Menurut UU Nomor 1 Tahun 2022 tentang Hubungan Keuangan Pemerintah Pusat dan Daerah (UU HKPD), Blora hanya dihitung sebagai daerah berbatasan langsung—bukan daerah penghasil. Akibatnya, jatah DBH Blora kecil sekali.
“Bisa saja yang dibor itu Bojonegoro, tapi minyaknya ada di Blora. Mosok yang paling terdampak malah dapat paling kecil?” sindirnya.
“Jangan Ada Pembagian Bagito!”
Arief menolak keras sistem pembagian 3 persen DBH antar daerah yang menurutnya cenderung “Bagito”—dibagi rata tanpa melihat jarak dan dampak.
Bupati memberi contoh, Jombang dan Lamongan yang tidak berbatasan langsung dengan mulut sumur justru dapat porsi lebih besar.
“Kalau dihitung dari panjang perbatasan, Blora mestinya paling berhak. Mosok Jombang yang perbatasannya cuma tiga kilometer dapat lebih besar dari kita?” ujarnya.
Dampak Negatif Justru Ditanggung Blora
Blora menanggung banyak beban akibat eksploitasi migas, air Bengawan Solo yang tersedot, krisis air di wilayah Kedungtuban, hingga aktivitas kendaraan proyek yang menumpuk di Cepu.
“Yang kena dampak ya kita. Tapi pembagian DBH-nya justru yang paling kecil. Orang tahunya Cepu itu kaya, padahal yang kaya Bojonegoro,” kata Arief dengan nada getir.
Judicial Review Jadi Jalan Terakhir
Pemkab Blora bersama DPRD Blora sudah sepakat akan menempuh Judicial Review (JR) ke Mahkamah Konstitusi (MK). Langkah ini juga mendapat dukungan tokoh nasional, Boyamin Saiman dari MAKI (Masyarakat Anti Korupsi Indonesia).
Bupati menegaskan, jika lobi-lobi politik tidak menghasilkan perubahan substantif, maka jalur hukum akan ditempuh.
“Kita bukan mau ribut, tapi menuntut keadilan. Kalau lobi tidak berhasil, kita siap Judicial Review,” tandasnya.
“Bertetangga dengan Daerah Kaya Itu Nggak Enak”
Dalam forum itu, Arief juga menyelipkan kejujuran pahit,
“Blora itu di samping daerah kaya. Tapi rakyat tidak tahu, dikira kita ikut kaya. Padahal untuk bangun jalan saja Blora harus ngutang,” keluhnya.

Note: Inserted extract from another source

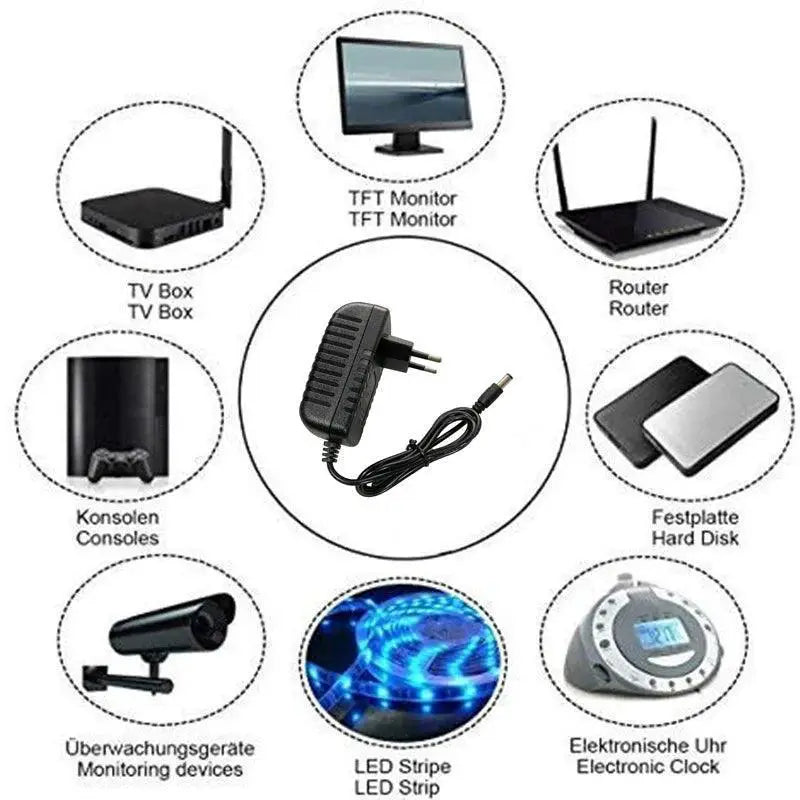 LED Power Supply With Versatile Outputs For Lighting Systems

Gus Arief berharap pemerintah pusat, terutama Bappenas, bisa meninjau ulang formula DBH yang dinilai tidak mencerminkan rasa keadilan.
“Blora ini ikut berjuang sejak awal Blok Cepu dibuka. Jangan cuma nama ‘Cepu’ yang kita bawa-bawa, tapi hasilnya tidak terasa di daerah,” pungkasnya.
Sengkarut DBH Blok Cepu
Blok Cepu menjadi salah satu penghasil minyak terbesar di Indonesia, dikelola oleh ExxonMobil Cepu Limited (EMCL). Namun sejak awal, polemik pembagian DBH antar daerah penghasil dan sekitar terus jadi isu klasik.
Blora—yang wilayahnya masuk cukup besar ke WKP—selalu mengeluhkan formula perhitungan DBH yang dianggap “diskriminatif administratif”. Kini, dengan ancaman Judicial Review, Blora tampak siap membuka babak baru perjuangan panjang menuju keadilan fiskal di sektor migas.